The Woman Whose Phone 'Misdiagnosed HIV' (bbc.com)
An anonymous reader shares a report on BBC about a woman in Kenya, who downloaded a prank app that noted that she has HIV simply by "analyzing her fingerprint." While many people would have not trusted an app for such kind of diagnosis in the first place, and some would have figured that something is amiss about the app, the story tells the tale of people who are increasingly finding it hard to deal with the technological advances they see. From the report: Esther sells water on the side of the road in Kenya for a few dollars a day. She also owns a smartphone and ownership of such a device should, according to most of the received wisdom, empower its owner. But in fact it did quite the opposite for her when she acquired an app. It claimed to diagnose HIV simply by analysing her fingerprint on the touch screen.
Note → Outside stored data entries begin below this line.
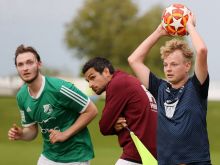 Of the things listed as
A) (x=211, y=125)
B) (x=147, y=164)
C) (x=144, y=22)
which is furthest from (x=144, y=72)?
(x=144, y=22)

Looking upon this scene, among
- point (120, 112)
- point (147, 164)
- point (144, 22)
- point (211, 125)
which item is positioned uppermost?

When researchers met her at her roadside workplace, she was worried. "She did not know if it was true and she was panicking," said researcher Laura de Reynal, who worked on a year-long study into the experiences of first-time smartphone users in Kenya. "And she wasn't the only one, there were others that came to us worried about this app and those were just the ones that were willing to speak out." The app was in fact a prank and anyone reading the comments on Google's Play Store would have seen that. However, many first-time smartphone users in Kenya get hold of apps via a friend's Bluetooth connection, rather than downloading them via the net, in order to save data. But the prank would not have been apparent via a Bluetooth share. "People are not able to understand the limits of the technology," said Ms de Reynal. "They think, because it was on a smartphone, it seems real and credible."
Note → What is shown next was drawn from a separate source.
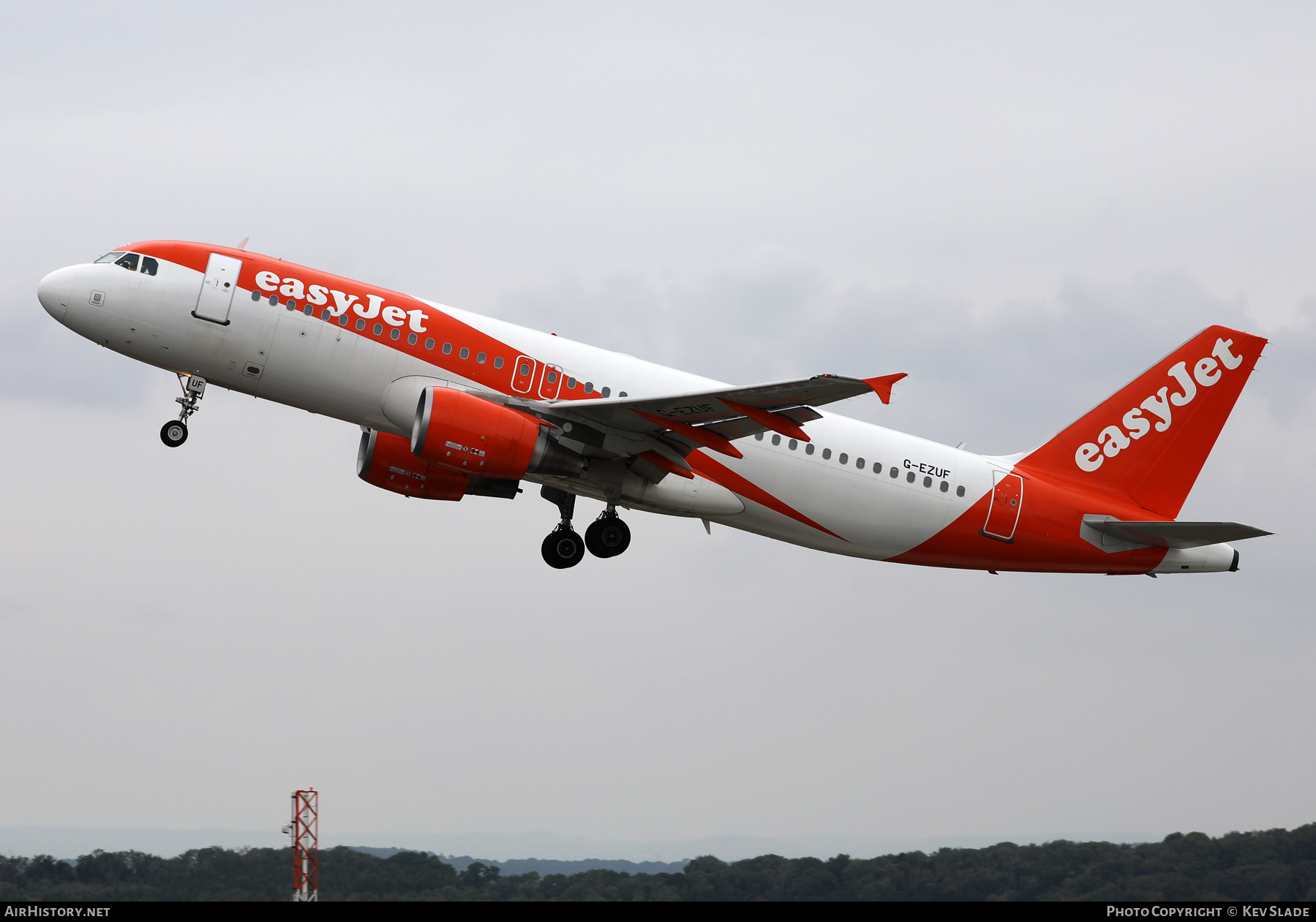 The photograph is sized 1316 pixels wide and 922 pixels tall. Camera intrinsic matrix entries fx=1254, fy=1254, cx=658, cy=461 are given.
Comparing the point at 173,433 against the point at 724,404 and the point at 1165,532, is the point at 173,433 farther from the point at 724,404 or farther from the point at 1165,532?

Any sufficiently advanced technology is indistinguishable from magic.
I also don't think this woman should be criticized. When I see the stupid things people who have grown up with technology do (as opposed to growing up dirt poor in Africa), she's no worse off than they are.
The smartphone did "empower her." It turns out that life does not work in dichotomies the way binary thinkers assume it must because, for whatever reason, that is all they can see. Did this new tool result in a net loss of capabilities for her? No, it just introduced a nasty unintended side effect based on her ignorance and a particular method of app distribution.
well, this sort of machine is seen in films and on TV (think: Star Trek, ...), obviously all of Star Trek is not true, but which bits are and which are not? Then there is an X Prize competition to make a Medical tricorder, so think before you laugh at her.
Someone once said that any technology advanced enough will appear as magic to someone who isn't used to it. (I'm sure if I weren't lazy I could google-fu who said that).
There are places around the world where economics and science dictated they skipped over the computer generation. They went straight from disconnected villages to smart phones. A lot of the tech and what can and can't be done with it was never learnt. The lady in the summary wasn't necessarily gullible, or stupid, nor did she believe the phone was "magic" I'm sure. However, how the phone worked was probably almost magical, with an unexplained technology she couldn't fathom how it might work.
Going from simple life to smart phone life, it's easy to see how someone can be fooled by what exactly is possible.
"That's the way to do it" - Punch
This was the most interesting part of the article (ignore the "Firefox operating system" error):
This is a great reminder of why I won't donate to moz://a.
Instead of spending money to improve Firefox, which badly needs some real improvement, moz://a squandered money researching the gullibility of third-worlders.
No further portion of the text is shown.